Having searched through countless Tudor coronary reports, Gunn came across the report of a young Jane Shaxspeare drowning in 1569, with “tantalising” links to Ophelia. Due to the similarities of the names, Gunn told the Cherwell, Shaxspeare and Shakespeare might well have been cousins as not much is known about Shakespeare’s family beyond his father. Furthermore, as both Shakespeare and Shaxspeare lived only 20 miles apart and were only 3 years apart in age, it is very likely that William would have been aware of this story and drawn some inspiration from it.
The coroner’s report describes the two and a half year old Jane Shaxspeare picking marigolds in a stream by Upton Millpond, Worcestershire, and then falling in, upon which she “instantly died”. As concluded by the report, “And thus the aforesaid flowers were the cause of death of the aforesaid Jane”.
Gunn commented, “I don’t think we can know whether Jane Shaxspere’s drowning really inspired William to come up with the character of Ophelia, but it’s quite possible”.
The research forms part of a four year project with the Economic and Social Research Council, intended to discover as much as possible from coroner’s reports in sixteenth-century England.
Gunn continued, “Coroners’ reports of fatal accidents are a useful and hitherto under-studied way of exploring everyday life in Tudor England”.

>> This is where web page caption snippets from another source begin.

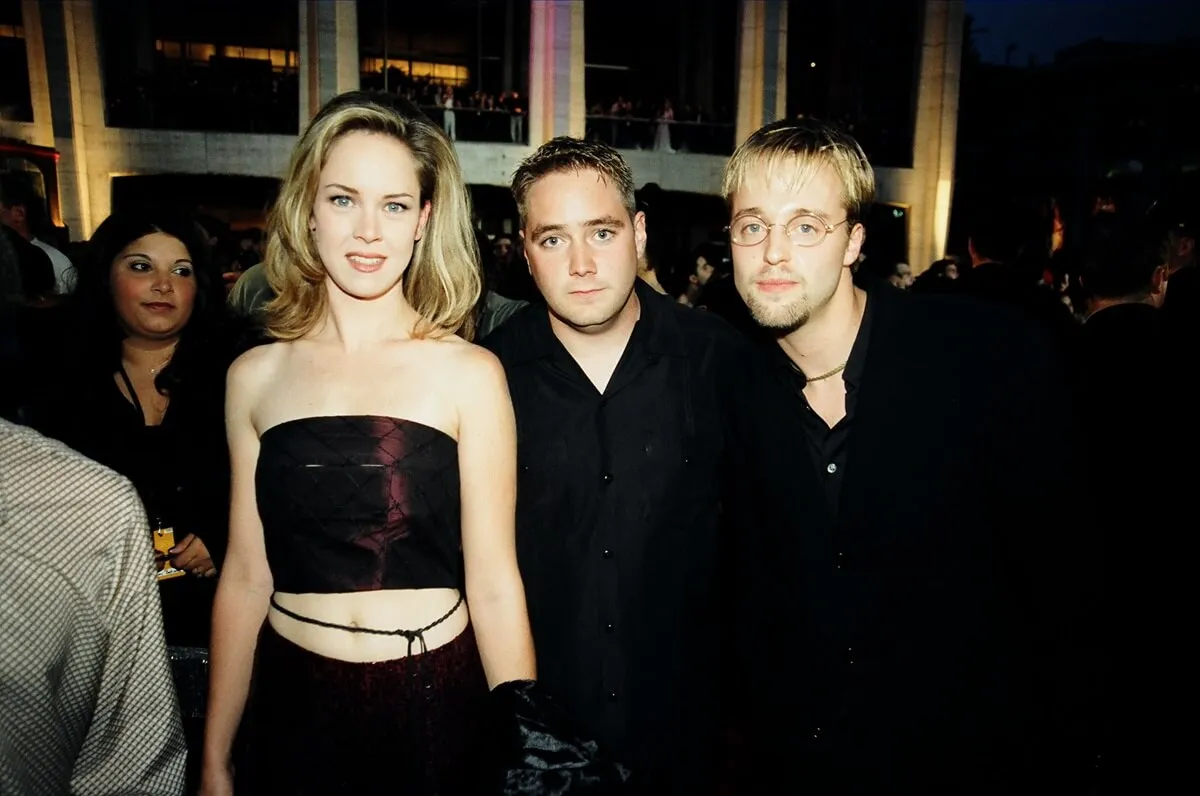 Heather Donahue posing at the MTV Awards in 1999.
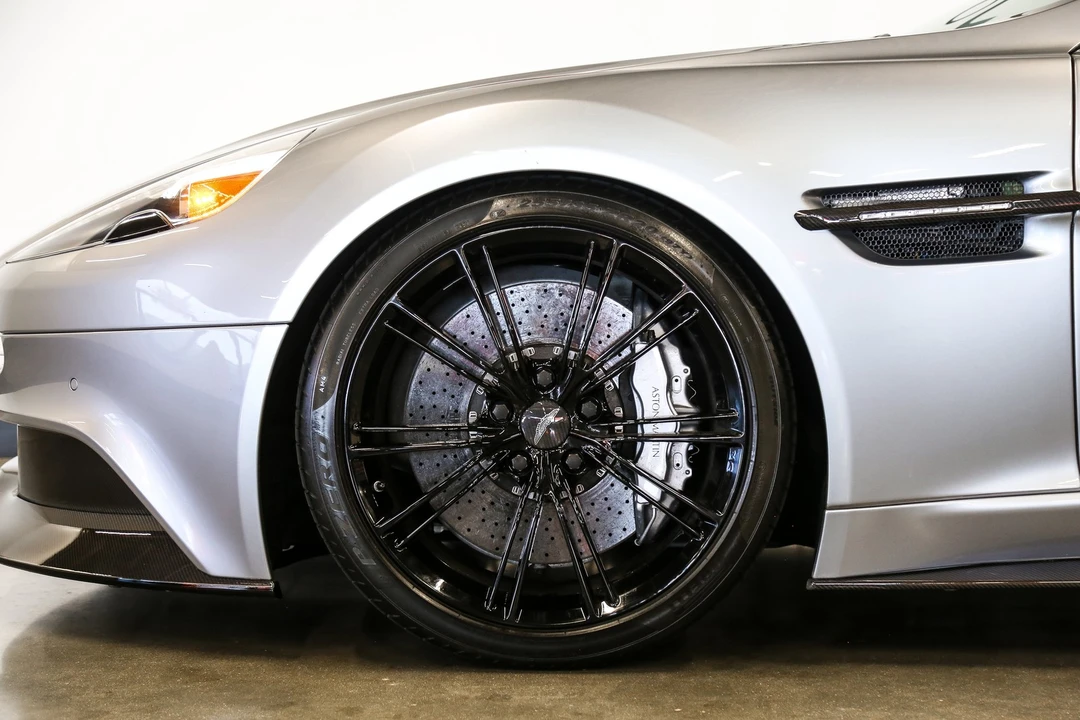 2014 Aston Martin Vanquish 2nd Gen - Image 18 of 31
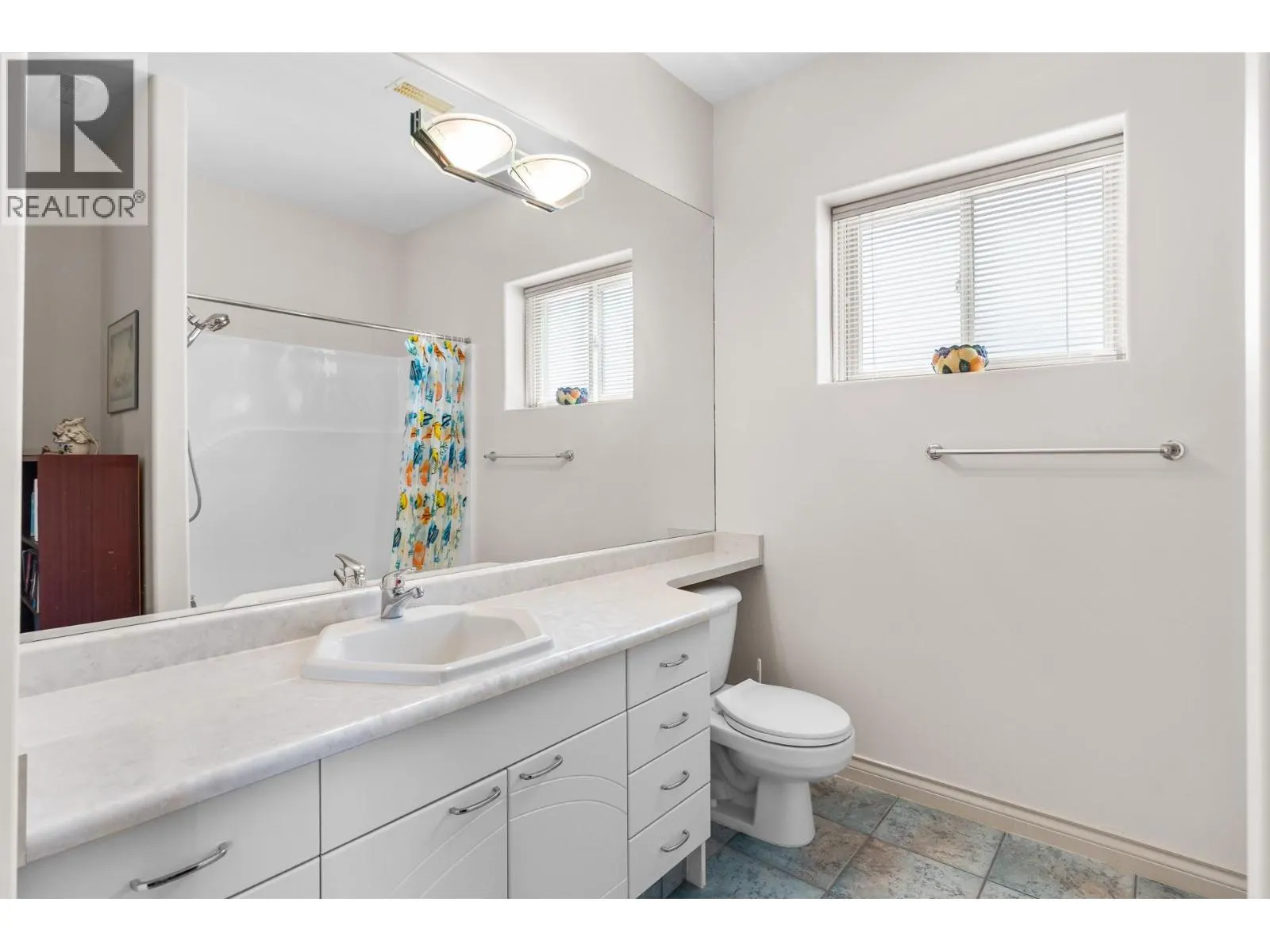 307 Sandpiper Court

Many of the reported Tudor deaths have appeared almost farcical however, with at least 3 people being killed by performing bears.
One Scottish figure also died having reportedly been trying to display a popular ‘pastime’ from his native country, involving lying down and being tied up. Even more mysterious is the man who died from his testicles being crushed during a ‘Christmas game’.
Gunn advice to History and English students is simply that the discovery of Jane Shaxspeare “is a reminder of the fascinating things out there to be found in archives”.